Das Jahr 2025 wird viele Menschen in belastende Beziehungsverhältnisse führen und dennoch gibt es jene verborgene Kraft, die aus real gelebter Geistschulung entstehen kann, die schließlich wieder die Menschen zu einer größeren Verbundenheit führen kann.
Das im Jahresausblick Teil 1 erwähnte Mantra lokah samastah sukhino bhavantu beschreibt die glückliche Einigung der Seelen im Nachtodlichen. Die gelungenen Aktivitäten von Menschen führen zu Friedfertigkeit.
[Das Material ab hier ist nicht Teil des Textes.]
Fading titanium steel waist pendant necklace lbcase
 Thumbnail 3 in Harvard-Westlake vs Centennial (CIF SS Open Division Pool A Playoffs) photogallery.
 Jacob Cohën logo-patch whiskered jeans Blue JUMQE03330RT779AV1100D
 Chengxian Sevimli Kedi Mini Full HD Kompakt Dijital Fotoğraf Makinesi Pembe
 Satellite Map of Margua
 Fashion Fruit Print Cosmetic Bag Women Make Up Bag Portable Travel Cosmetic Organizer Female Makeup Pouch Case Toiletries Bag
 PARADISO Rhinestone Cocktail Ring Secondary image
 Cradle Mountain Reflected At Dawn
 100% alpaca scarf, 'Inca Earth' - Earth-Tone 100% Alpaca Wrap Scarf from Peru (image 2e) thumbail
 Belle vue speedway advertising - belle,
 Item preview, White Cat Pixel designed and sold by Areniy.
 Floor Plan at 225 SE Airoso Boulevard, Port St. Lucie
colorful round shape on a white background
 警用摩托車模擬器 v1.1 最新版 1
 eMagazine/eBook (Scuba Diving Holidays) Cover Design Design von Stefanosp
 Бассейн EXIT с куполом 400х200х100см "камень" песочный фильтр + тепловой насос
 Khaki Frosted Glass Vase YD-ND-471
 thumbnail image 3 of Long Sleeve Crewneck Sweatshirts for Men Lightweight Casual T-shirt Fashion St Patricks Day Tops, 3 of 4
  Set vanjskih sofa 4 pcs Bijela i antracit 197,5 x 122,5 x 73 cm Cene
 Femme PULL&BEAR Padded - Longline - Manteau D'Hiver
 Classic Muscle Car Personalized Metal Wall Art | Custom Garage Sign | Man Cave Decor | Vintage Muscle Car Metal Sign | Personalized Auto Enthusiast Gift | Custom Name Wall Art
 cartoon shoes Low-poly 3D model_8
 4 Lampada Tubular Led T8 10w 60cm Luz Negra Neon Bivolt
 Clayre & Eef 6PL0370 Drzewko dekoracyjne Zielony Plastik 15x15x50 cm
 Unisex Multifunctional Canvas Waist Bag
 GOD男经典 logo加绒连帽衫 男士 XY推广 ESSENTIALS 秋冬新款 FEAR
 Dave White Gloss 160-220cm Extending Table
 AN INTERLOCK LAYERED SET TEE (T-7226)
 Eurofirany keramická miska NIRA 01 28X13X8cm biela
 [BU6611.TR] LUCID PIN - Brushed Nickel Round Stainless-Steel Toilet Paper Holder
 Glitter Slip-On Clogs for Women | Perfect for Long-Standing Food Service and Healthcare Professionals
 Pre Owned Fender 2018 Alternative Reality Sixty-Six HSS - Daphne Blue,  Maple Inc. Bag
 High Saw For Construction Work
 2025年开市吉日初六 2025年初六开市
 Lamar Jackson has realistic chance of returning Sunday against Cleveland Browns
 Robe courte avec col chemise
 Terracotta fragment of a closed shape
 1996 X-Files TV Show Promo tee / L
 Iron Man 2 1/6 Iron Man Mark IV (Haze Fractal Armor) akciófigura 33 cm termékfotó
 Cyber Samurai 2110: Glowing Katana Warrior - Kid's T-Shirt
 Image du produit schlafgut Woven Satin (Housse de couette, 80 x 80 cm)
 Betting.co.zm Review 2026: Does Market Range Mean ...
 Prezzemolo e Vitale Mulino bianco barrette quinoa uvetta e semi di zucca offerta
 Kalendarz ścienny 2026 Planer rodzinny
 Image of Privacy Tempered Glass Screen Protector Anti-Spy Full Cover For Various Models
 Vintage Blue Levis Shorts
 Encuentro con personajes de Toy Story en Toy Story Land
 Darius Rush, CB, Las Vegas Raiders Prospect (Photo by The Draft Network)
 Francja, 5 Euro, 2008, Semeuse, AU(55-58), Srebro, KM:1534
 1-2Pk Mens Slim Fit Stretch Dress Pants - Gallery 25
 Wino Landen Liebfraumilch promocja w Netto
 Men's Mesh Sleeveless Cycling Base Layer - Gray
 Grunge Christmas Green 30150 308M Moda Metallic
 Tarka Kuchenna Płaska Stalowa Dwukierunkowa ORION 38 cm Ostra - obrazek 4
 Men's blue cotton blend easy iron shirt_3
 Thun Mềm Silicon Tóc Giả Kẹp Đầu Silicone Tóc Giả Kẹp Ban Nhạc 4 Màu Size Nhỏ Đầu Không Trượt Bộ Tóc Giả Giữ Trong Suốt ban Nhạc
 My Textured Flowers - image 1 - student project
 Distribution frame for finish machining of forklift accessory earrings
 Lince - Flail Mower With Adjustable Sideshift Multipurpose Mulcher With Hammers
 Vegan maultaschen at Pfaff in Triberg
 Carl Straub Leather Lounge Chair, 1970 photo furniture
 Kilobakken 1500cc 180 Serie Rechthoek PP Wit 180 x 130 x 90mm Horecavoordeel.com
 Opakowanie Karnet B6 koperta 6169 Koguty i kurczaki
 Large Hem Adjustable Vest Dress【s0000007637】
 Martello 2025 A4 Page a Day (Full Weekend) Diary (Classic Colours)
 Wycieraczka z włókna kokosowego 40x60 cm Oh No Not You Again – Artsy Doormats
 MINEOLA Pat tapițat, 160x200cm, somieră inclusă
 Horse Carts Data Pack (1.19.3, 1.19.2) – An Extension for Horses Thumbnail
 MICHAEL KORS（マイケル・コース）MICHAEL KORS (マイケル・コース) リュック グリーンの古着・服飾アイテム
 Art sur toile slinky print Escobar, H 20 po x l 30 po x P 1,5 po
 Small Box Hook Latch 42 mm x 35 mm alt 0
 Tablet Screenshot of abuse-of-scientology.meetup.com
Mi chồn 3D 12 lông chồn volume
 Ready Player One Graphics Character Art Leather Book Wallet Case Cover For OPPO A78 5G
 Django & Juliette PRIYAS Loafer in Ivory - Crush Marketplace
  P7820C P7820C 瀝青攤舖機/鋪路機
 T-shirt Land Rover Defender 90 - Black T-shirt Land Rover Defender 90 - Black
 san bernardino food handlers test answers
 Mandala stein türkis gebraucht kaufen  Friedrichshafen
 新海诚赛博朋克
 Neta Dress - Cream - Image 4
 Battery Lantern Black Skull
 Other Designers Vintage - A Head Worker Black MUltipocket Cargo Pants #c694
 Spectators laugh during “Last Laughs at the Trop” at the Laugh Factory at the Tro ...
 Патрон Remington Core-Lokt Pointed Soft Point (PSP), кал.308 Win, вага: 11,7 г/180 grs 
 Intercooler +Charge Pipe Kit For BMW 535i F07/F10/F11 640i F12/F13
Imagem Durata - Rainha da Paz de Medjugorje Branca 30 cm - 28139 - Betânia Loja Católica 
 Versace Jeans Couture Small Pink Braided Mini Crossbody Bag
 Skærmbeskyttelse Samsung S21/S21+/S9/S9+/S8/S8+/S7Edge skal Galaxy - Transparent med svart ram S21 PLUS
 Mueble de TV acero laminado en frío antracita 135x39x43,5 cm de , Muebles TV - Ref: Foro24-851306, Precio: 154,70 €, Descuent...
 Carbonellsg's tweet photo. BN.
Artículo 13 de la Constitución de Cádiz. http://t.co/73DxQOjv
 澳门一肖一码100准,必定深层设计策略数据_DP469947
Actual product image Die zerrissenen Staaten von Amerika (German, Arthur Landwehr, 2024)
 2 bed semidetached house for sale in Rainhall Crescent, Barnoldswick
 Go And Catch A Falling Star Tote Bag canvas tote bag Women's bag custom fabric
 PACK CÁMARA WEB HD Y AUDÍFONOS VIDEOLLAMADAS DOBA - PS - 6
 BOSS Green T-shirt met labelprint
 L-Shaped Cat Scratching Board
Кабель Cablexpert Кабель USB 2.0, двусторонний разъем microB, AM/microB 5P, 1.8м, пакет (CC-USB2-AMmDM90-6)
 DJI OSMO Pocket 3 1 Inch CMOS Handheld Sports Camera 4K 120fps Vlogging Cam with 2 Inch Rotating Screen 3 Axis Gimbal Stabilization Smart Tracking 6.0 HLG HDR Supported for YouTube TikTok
Sie werden jedoch nur durch wenige Menschen realisiert.
Es wird die Auflösung von sehr gebundenen Traditionen, ganz besonders Traditionen, die in der nahöstlichen Zone liegen, nicht durch Demonstrationen oder überredende Gespräche stattfinden, sondern durch gelebte Beziehungsideale von einzelnen, wohl entschiedenen Menschen.
Eine gelebte Weisheit, gleich in welchem Kontext sie steht, kann den ausschweifenden Szenen, die tendenziell vom Westen kommen, ebenfalls die Lust hinwegnehmen.